Nella nuova cornice del Parco Rossani, l’impressione è stata quella di un’installazione performativa a cielo aperto. Wilhem Latchoumia e Nunzia Antonino hanno dato vita a un concerto a due voci, un unico gesto poetico tra musica e parola. L’occasione, il Bari Piano Festival, sotto la raffinata direzione artistica di Emanuele Arciuli, alla sua ottava edizione dal 22 al 29 agosto, nei parchi e nelle piazze di Bari.

Un uomo, un pianoforte, una donna: dal nero al bianco, come i tasti del pianoforte, la narrazione andava letta al contrario, partendo da destra verso sinistra. La voce di Nunzia Antonino, la dama bianca prestata alla parola, ha rotto per prima il silenzio dopo gli applausi “ E poi un giorno…”, iniziando il racconto di quella serata.

Wilhem Latchoumia è pianista francese solido nella tecnica e visionario, di formazione classica, ma assolutamente e pienamente incarnato nel contemporaneo senza cedere ad avanguardismi di maniera. Sensibilità impressionista, il suo stile pianistico consente al pubblico non solo di ascoltarla, ma anche di vederla la musica.

Il palcoscenico ricavato nel giardino del parco con sullo sfondo i palazzi era un immenso schermo cinematografico. Latchoumia ha scelto un programma con musiche di compositori che hanno fortemente vissuto il contemporaneo cercando di dargli voce, di rappresentarlo in musica, così Charles Ives, compositore e imprenditore dell’America del primo novecento e il suo Set of Five Take-Offs ; Martino Traversa, il compositore italiano contemporaneo che concilia repertorio classico ed elettronica, con la sua rivisitazione dell’ Oiseaux tristes di Ravel; Pierre Jodlowski, compositore contemporaneo che vive tra Francia e Polonia, dallo stile cinematografico, performativo, tanto da nominare spesso le sue composizioni con riferimenti visivi, come nel caso dei pezzi presentati da Latchoumia, Série Blanche for piano and tape e Série Noire “Thriller” for piano and Tape. E infine Heitor Villa-Lobos, l’innovatore del suono della chitarra che dedicò ben dodici studi a Segovia e che per il Bari Piano Festival è stato portato con le voci, i rumori, gli umori, delle strade brasiliane con Rudepoêma.

Programma avveniristico, ardito, tenendo conto che il “concerto in piazza” contempla un pubblico variegato.
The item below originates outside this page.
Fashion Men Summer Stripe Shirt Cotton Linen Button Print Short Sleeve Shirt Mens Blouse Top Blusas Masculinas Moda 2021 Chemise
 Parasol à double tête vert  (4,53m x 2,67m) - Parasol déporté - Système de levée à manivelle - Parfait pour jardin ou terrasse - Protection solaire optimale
La cifra è stata proprio la piazza. Ovvero l’aver usato la musica per rappresentare la vita.

A Nunzia Antonino, attrice raffinata, cresciuta a danza e teatro in Italia e nelle scuole d’arte di Varsavia e Parigi, che ha lavorato tra gli altri con Pagliai, Gasmann, Sepe, Teresa Ludovico, era affidata la parola poetica di Zerbini, Cavalli, Gualtieri. Poesia come scelta di parola universale: quella del ricordo, della vita tra le strade, della perdita, del ringraziamento, della rabbia, dell’indignazione, l’urlo rauco che chiede pace in mezzo al fragore dei ciarlieri incravattati e delle bombe.

Quando la voce umana di Nunzia Antonino taceva, nel vuoto del silenzio l’energia fluiva nella teoria di note toccate dalle dita di Latchoumia: un tutt’uno tra voce e musica, un’unica poiesis. A questa vocazione generatrice la musica concedeva al pubblico l’esperienza mistica del trovare l’immagine. Latchoumia piegato sul pianoforte sussurrava a bassa voce ai tasti ogni singola nota e, grazie ad un magistrale innesto di voci campionate, apparivano le strade, i cortili con i racconti o le eco delle televisioni accese. Un artefatto alla Kandisnkji, una realtà così rappresentata con l’essenziale in linee, colori, suoni, silenzi, che paradossalmente, proprio per questa essenzializzazione, esplodeva nelle sue possibilità evocative. Concedeva di vedere di più, di vedere oltre.

Così è successo. Al pubblico in programma veniva consegnato un biglietto per un viaggio fuori dal tempo e dallo spazio del tramonto di un mercoledì pomeriggio al parco Rossani, e lo sportava in una planata sul mondo da un capo all’altro, tra miracolo della vita e orrore della guerra.

Musica e poesia come unico respiro, grazie al talento di un pianista e di un attrice, anime nobili incaricate di scuotere i nostri pensieri arresi, ormai storditi dall’incessante martellare mediatico della morte e della guerra, ormai indifferenti come chi accetta di aspettare solo che il peggio passi. Latchoumia e Antonino con la loro arte sublime hanno concesso al pubblico di indignarsi di nuovo e, così, di indiarsi.